→ **Exercise aim**:
Copy the listing exactly, leaving out every picture.

→ **Recorded data**:
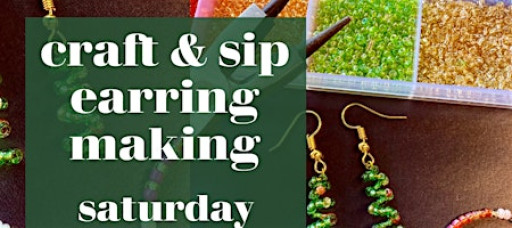 Craft & Sip: Holiday Earring Making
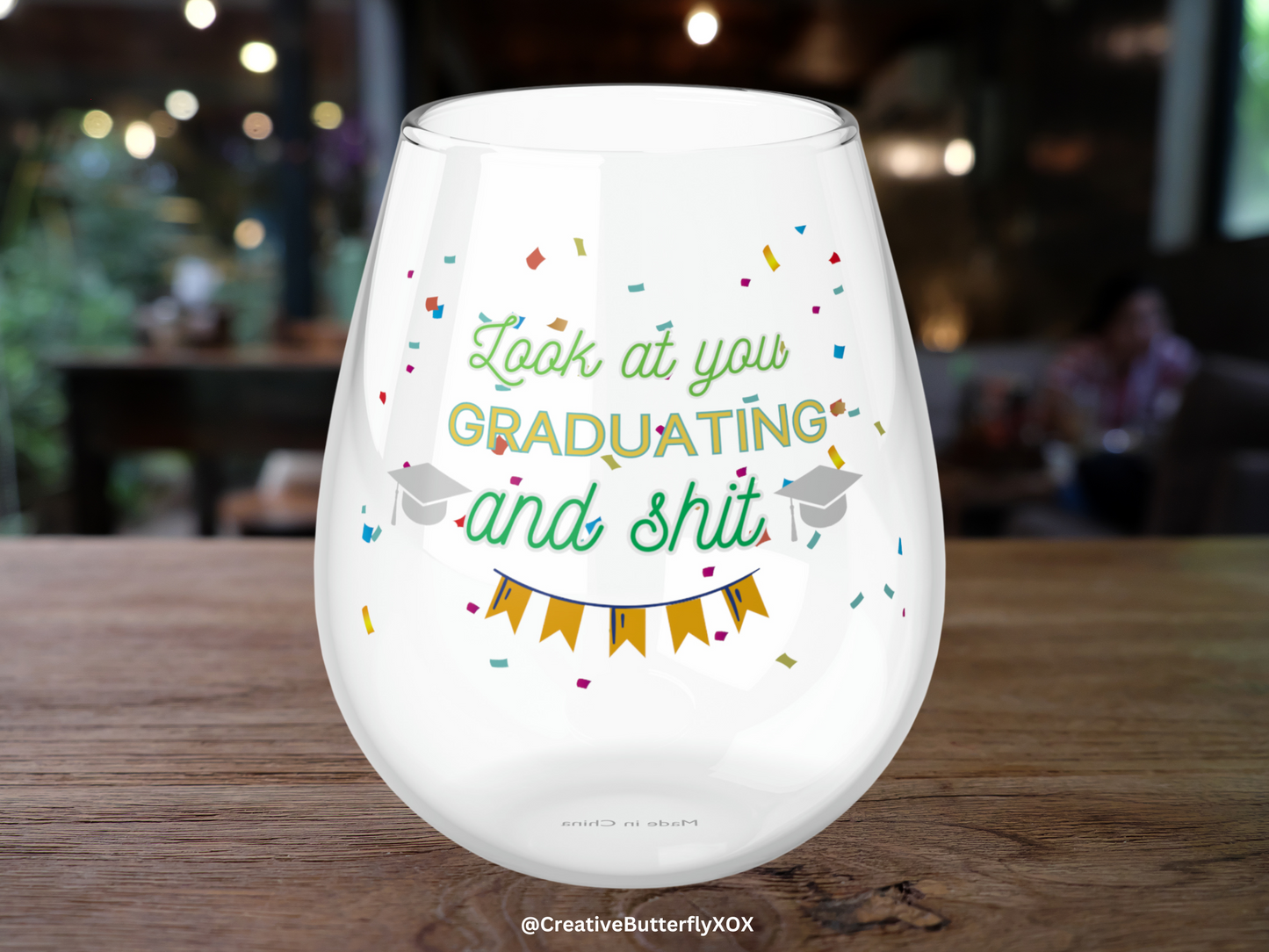 Graduation Wine Glass, Confetti Grad Cap Wine Glass, Grad Stemless Wine Glass, Grad Gift, Look At You Graduating and Sh*t, Graduation Gift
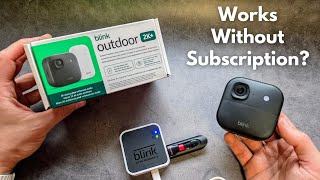 Does Blink Outdoor 2K+ Requires a Subscription Can you use it without Paying Subscription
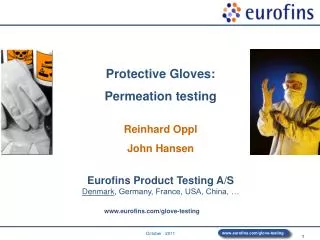 Protective Gloves: Permeation testing Reinhard Oppl John Hansen Eurofins Product Testing A/S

→ **Answer to the problem**:
 Craft & Sip: Holiday Earring Making
 Graduation Wine Glass, Confetti Grad Cap Wine Glass, Grad Stemless Wine Glass, Grad Gift, Look At You Graduating and Sh*t, Graduation Gift
 Does Blink Outdoor 2K+ Requires a Subscription Can you use it without Paying Subscription
 Protective Gloves: Permeation testing Reinhard Oppl John Hansen Eurofins Product Testing A/S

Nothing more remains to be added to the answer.